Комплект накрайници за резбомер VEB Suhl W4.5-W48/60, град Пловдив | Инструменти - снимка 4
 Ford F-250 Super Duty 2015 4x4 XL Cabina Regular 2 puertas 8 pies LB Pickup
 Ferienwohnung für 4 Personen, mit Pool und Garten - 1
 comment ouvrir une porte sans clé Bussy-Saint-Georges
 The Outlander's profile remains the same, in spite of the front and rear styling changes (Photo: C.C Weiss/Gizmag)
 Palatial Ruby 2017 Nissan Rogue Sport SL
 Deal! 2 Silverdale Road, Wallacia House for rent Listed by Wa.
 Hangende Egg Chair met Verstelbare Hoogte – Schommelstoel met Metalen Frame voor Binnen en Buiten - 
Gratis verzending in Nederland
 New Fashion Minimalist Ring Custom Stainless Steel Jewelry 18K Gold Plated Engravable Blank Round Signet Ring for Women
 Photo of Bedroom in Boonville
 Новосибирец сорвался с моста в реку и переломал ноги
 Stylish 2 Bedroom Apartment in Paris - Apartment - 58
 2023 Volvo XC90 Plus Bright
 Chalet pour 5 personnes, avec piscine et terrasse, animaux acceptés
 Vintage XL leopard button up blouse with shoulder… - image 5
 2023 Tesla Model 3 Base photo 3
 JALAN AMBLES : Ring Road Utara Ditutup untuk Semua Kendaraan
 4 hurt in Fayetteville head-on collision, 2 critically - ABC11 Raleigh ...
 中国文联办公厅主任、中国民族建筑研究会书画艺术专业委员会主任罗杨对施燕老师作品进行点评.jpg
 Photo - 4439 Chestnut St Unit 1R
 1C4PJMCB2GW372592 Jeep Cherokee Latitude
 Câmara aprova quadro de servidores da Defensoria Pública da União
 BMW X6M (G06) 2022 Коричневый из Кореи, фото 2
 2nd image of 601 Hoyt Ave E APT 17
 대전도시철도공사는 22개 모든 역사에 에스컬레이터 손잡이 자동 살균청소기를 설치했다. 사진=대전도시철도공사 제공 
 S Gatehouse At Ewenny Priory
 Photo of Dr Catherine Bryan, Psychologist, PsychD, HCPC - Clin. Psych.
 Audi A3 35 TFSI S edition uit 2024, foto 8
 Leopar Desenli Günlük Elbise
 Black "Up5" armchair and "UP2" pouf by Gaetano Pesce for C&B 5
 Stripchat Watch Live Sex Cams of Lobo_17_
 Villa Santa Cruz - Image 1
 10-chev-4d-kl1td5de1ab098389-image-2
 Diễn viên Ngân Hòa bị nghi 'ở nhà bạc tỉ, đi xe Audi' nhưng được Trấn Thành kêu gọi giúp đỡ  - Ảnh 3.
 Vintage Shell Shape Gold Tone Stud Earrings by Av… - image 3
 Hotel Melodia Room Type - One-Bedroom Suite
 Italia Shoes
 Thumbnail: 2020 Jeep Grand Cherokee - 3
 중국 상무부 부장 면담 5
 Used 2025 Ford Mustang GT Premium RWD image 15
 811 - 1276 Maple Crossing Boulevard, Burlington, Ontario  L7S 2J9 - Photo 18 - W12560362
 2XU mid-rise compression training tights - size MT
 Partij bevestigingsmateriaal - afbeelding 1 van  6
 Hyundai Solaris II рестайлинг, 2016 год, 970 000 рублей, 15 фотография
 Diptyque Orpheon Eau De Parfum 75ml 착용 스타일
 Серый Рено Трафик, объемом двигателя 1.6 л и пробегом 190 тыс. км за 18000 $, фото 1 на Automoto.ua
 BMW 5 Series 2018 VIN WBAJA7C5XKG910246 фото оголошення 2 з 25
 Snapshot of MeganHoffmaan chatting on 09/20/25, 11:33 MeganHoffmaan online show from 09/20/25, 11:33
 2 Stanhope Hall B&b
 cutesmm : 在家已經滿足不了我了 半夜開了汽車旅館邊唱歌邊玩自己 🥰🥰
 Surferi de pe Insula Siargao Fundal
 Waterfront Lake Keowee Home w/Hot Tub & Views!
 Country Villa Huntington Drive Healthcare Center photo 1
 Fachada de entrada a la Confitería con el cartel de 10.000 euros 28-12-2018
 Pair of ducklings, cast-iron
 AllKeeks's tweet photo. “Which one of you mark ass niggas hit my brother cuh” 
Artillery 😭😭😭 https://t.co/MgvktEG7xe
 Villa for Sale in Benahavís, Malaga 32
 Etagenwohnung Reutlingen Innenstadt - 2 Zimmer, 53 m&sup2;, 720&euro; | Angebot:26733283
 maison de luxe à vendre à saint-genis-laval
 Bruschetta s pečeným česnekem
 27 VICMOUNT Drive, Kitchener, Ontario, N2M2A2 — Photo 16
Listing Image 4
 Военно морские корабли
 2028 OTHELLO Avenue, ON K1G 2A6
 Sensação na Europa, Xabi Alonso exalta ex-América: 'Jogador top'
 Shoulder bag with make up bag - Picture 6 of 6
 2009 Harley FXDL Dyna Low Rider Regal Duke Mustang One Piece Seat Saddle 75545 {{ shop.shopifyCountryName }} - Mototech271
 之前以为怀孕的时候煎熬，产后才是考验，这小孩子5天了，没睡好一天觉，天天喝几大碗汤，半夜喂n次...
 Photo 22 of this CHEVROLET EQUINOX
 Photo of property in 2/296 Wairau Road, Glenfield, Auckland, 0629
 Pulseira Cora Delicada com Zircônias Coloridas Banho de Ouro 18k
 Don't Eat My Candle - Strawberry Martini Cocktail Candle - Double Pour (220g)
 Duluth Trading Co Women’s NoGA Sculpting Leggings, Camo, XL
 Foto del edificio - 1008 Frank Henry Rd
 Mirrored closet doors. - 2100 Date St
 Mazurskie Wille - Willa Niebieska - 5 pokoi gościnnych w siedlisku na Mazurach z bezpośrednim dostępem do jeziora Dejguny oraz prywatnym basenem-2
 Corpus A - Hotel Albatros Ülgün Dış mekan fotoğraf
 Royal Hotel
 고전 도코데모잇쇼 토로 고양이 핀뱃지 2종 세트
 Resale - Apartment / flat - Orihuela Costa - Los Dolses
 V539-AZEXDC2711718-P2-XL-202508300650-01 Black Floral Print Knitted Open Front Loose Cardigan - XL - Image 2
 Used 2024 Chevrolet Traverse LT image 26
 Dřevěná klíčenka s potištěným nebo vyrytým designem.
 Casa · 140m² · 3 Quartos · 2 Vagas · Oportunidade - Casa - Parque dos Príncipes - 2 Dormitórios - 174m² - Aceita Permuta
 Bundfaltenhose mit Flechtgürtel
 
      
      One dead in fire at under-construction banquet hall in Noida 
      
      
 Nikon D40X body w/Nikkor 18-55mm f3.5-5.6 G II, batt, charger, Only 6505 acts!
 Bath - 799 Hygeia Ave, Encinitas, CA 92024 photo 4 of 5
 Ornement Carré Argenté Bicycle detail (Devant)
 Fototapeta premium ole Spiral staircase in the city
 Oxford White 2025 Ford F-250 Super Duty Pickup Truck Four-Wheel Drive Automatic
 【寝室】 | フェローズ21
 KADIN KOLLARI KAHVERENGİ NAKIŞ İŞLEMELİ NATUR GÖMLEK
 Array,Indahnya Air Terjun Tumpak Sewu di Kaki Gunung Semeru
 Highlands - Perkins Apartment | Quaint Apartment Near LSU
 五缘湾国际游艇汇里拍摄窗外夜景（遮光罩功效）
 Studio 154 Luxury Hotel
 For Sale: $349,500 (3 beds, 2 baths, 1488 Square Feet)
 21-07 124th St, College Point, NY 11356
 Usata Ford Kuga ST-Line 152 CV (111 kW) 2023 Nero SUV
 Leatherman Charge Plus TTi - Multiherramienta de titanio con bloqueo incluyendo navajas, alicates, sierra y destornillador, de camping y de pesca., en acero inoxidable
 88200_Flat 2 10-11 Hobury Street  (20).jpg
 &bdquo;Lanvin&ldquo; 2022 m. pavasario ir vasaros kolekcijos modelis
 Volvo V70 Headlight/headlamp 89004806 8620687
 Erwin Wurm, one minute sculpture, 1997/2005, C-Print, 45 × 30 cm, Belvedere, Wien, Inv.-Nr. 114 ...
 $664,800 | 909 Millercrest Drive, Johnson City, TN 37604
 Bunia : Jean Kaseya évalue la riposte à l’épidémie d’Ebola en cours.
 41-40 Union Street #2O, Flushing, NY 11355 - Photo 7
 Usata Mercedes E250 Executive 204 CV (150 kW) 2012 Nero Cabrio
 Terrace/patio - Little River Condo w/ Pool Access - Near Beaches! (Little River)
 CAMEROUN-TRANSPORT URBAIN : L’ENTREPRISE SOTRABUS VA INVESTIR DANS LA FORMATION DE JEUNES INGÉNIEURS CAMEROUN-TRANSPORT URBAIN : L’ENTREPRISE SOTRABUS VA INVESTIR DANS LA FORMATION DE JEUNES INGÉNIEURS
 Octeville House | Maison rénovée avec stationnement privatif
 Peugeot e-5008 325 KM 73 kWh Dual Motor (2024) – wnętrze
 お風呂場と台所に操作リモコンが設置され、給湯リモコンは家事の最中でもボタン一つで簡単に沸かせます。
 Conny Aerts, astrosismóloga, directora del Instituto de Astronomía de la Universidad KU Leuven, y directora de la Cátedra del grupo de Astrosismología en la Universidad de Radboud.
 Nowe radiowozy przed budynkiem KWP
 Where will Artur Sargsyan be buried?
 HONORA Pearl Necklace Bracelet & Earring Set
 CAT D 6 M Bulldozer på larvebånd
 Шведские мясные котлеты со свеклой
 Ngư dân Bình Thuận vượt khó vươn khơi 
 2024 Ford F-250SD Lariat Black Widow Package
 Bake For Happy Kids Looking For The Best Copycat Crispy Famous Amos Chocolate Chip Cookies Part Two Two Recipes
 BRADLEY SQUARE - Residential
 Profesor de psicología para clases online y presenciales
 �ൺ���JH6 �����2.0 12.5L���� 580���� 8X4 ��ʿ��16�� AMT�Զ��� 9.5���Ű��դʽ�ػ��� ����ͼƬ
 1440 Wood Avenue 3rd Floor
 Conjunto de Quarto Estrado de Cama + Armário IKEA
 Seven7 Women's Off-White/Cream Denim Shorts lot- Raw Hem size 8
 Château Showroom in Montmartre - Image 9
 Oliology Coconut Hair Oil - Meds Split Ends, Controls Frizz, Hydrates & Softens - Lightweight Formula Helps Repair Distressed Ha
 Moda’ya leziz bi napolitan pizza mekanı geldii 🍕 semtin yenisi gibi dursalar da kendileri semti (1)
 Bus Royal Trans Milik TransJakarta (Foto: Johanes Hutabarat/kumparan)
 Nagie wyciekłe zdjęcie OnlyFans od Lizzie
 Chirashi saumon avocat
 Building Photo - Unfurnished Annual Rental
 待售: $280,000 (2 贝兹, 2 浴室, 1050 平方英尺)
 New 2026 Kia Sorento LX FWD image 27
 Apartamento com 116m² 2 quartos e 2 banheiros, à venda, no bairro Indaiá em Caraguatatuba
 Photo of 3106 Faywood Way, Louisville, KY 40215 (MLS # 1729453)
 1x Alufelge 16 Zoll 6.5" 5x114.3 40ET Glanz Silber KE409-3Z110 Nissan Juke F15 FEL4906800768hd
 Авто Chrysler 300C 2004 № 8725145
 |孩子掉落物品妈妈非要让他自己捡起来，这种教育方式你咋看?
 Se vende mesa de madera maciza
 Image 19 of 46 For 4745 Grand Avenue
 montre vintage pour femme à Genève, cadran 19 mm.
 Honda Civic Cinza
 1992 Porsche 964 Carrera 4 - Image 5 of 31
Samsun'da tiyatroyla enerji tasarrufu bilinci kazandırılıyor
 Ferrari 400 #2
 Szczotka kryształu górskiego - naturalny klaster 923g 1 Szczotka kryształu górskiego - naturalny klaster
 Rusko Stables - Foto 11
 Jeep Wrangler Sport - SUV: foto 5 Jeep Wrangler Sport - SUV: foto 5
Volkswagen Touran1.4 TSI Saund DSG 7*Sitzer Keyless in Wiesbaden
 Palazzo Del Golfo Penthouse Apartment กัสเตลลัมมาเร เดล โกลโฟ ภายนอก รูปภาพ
════════
### WHAT YOU NEED TO DO
What is the number of lines above that hold the word "Women"? Answer with that number alone.

### REPLY
3